If Mishra bothered to read my work – or if he were not so intent on misrepresenting it – he would have to concede that since my book Virtual History (1997) I have consistently argued against the notion of irreversible trends in history. He would have to concede that the first article I published on the subject of ‘Chimerica’ (in the Wall Street Journal on 5 February 2007) explicitly concluded with a warning that the Sino-American economic relationship could prove to be a chimera. Far from writing ‘whatever seems resonant and persuasive at any given hour’, I have consistently sought to challenge the conventional wisdom of the moment. The Cash Nexus (2001) – published at a time when most bien pensants were ardent proponents of European monetary union – accurately foretold the current crisis of the euro. My book Colossus (2004) was subtitled ‘The Rise and Fall of the American Empire’ and warned that neoconservative visions of American imperium would likely founder on three deficits, of manpower, finance and public attention. Throughout 2006 and 2007, when others fell victim to irrational exuberance, I repeatedly warned of the dangers of a large financial crisis emanating from the US subprime mortgage market. And, far from hailing ‘the Chinese Century’, I spend pages 319-324 of Civilisation discussing the numerous challenges that China is likely to face in the coming decades. In fact, the phrase ‘Chinese century’ does not appear in my book.

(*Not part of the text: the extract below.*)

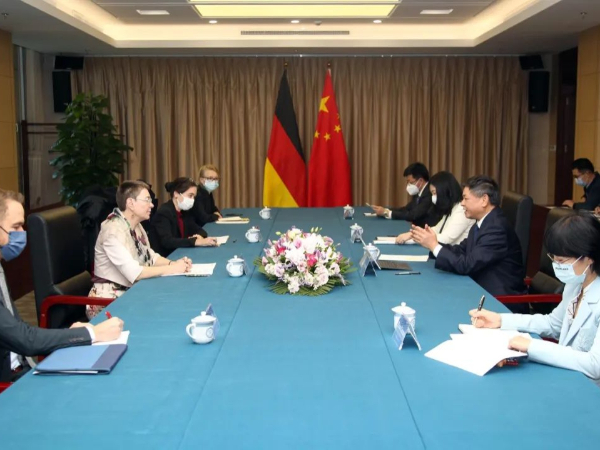 生态环境部部长黄润秋会见德国驻华大使傅融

As Mishra – and the LRB’s editor – must have appreciated, the allegation of racism in Mishra’s review was ostensibly buttressed by repeated accusations of omission of important issues and evidence. In my last letter I took five of these supposed omissions and showed they are in fact in the book under review, in black and white – and in the index. Had Mishra read the book so casually that he missed all five? Or was he wilfully and maliciously misrepresenting it?
Exposed, Mishra now retreats into quibbling about my tone. For example, my reference to Kenneth Pomeranz’s work is said to be ‘uncouth’. Really? Here is what I wrote:
For a century after 1520, the Chinese national savings rate was negative. There was no capital accumulation in late Ming China; rather the opposite. The story of what Kenneth Pomeranz has called ‘the Great Divergence’ between East and West therefore began much earlier than Pomeranz asserted.
I leave readers to make up their own minds about whether or not this is uncouth. (By the standards of serious economic historiography it is actually pretty polite.)
Mishra’s disingenuous approach is exemplified by his treatment of Chinese economic history at the start of the modern era, a central topic of Civilisation. Mishra’s original review said I gave no evidence for my position. Now that he stands corrected, Mishra responds that ‘[Ferguson] now unearths a footnote’ citing ‘two obscure Chinese scholars’. I find this extraordinary in two respects. First, the reference needed no ‘unearthing’. It was there, in the source notes and bibliography, for him and other readers to see. Second, David Daokui Li is hardly an ‘obscure scholar’. He is one of China’s leading economists. Not only is he the director of the Centre for China in the World Economy at Tsinghua University, he is also a member of the People’s Bank of China’s Monetary Policy Committee. He is, moreover, a former fellow of Stanford’s Hoover Institution and a former editor of the Journal of Comparative Economics. To say that Professor Li’s curriculum vitae is more impressive than Pankaj Mishra’s would be an understatement. A simple Google search, had Mishra bothered to do one before he wrote his rejoinder, would have spared his blushes. Your readers can now draw their own conclusions about the quality of the work you allow into your publication.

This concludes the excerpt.